Molyneux: games are yet to reach mass audiences

By Brenna Hillier

Peter Molyneux has called on the games industry to extend its reach beyond established gamers.

Speaking remotely at the Montreal International Game Summit, as reported by GamesIndustry, Molyneux said games had only partially lived up to their promise.

“Back in the ’80s, the dream that we all had in this industry was that we would be truly another form of entertainment,” he said.

“You know what? To a certain extent we failed on that dream. We failed in it because we’ve made some fantastic experiences for a very small number of people.

“Now is the opportunity to make fantastic, amazing, unique experiences, to use all this technology to make amazing, delightful, incredible worlds for millions of people.”

Whether those millions of people deserve it is another matter; Curiosity’s audience certainly presents an argument for both sides of that debate.

“Far and away, the most number of single pictures have been penises,” Molyneux said of those who carve images on the cube.
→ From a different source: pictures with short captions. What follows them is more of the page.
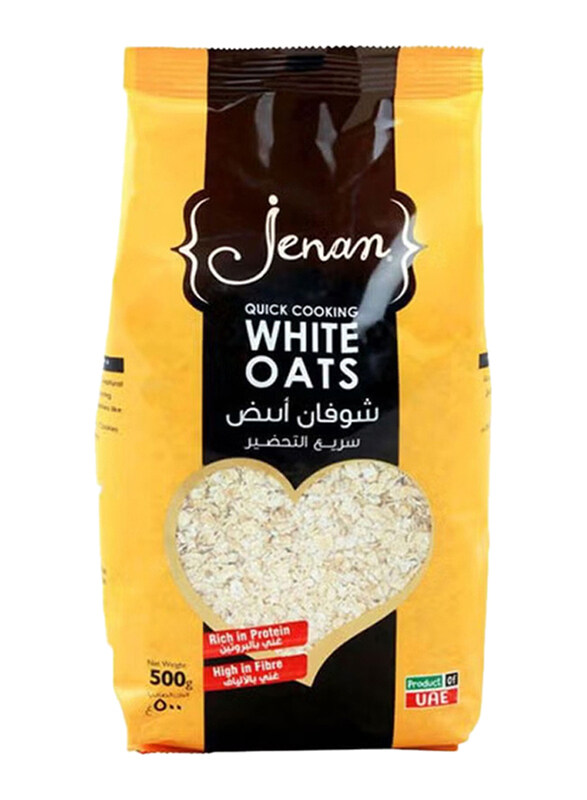 

Jenan Quick Cooking Oats, 3 x 500g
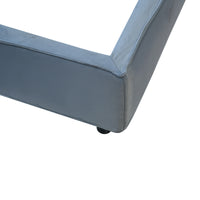 Velvet Modern Queen And King Size Bed (Removable & Washable Cover)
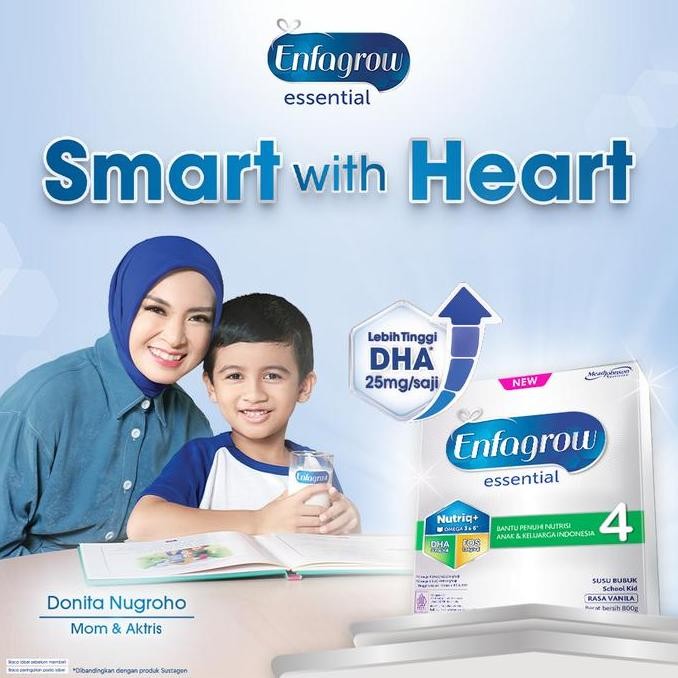 

terbaru enfagrow essential 4 susu formula anak 3-12 tahun 1800gr isi 3 pack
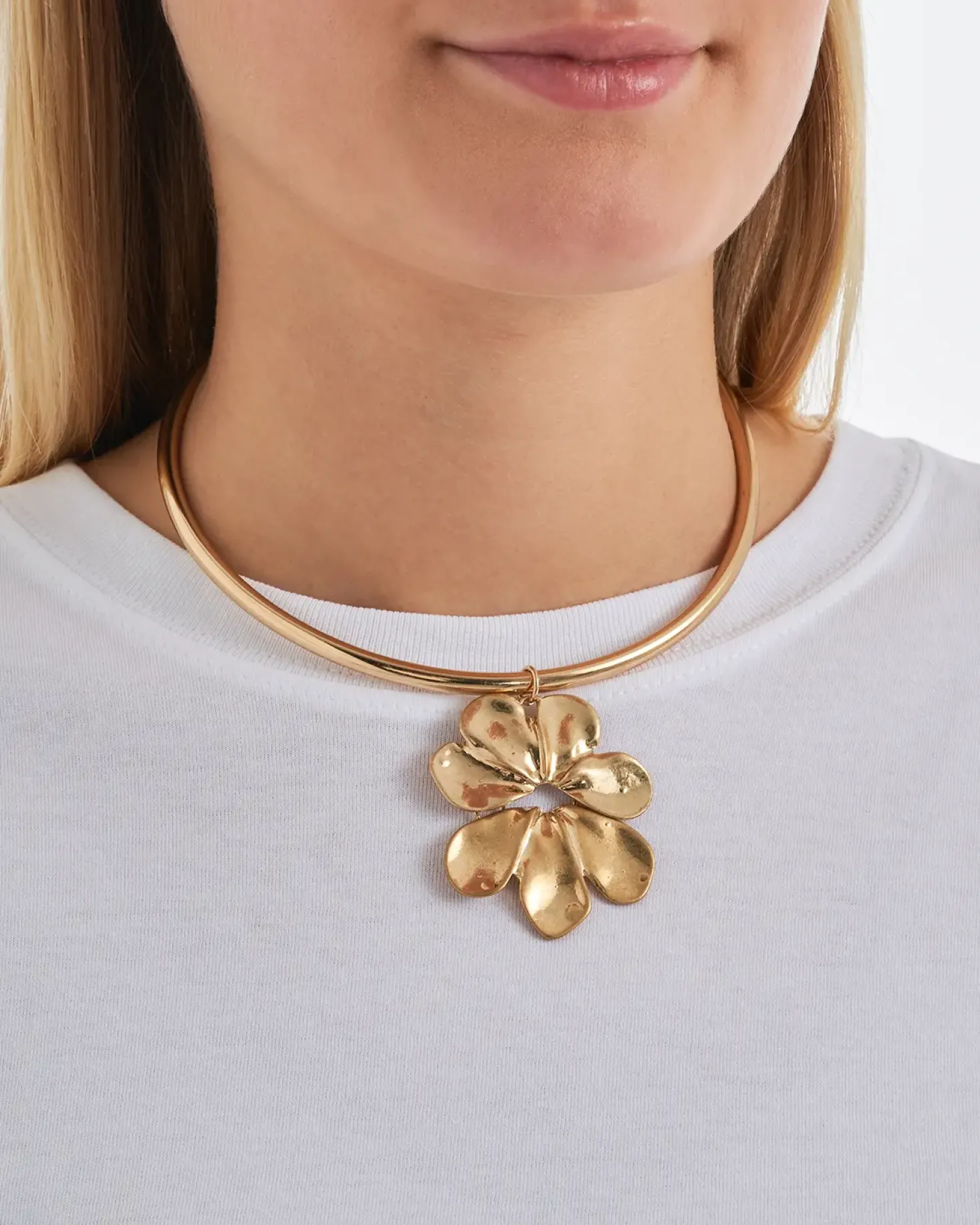 Choker - Golden Blossom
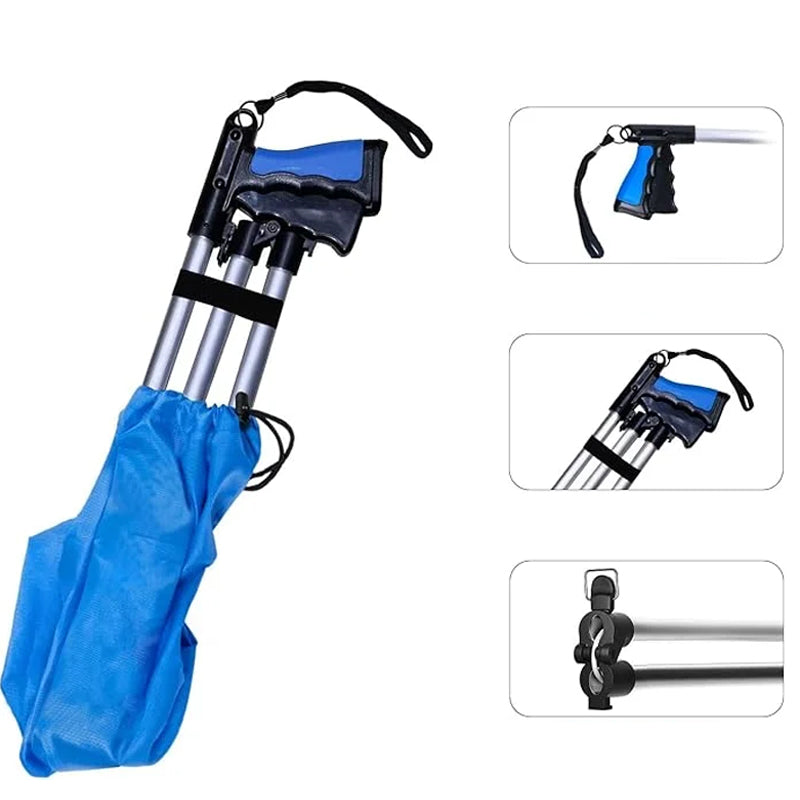 Folding Grabber with 360° Rotating Clip | Skanto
On the upside, there are whole groups of users who devote themselves to turning these doodles into other, less genitally-focused images – a pretty clever trick – and those who spend hours tapping out impressively detailed artworks. So that’s nice.

Molyneux admitted earlier that 22 Cans wasn’t prepared for how popular Curiosity was at launch; it had 50,000 players within three hours of launch, now boasts almost 300,000 players per day for a total user base of 2 million, and had generated over 500 million taps.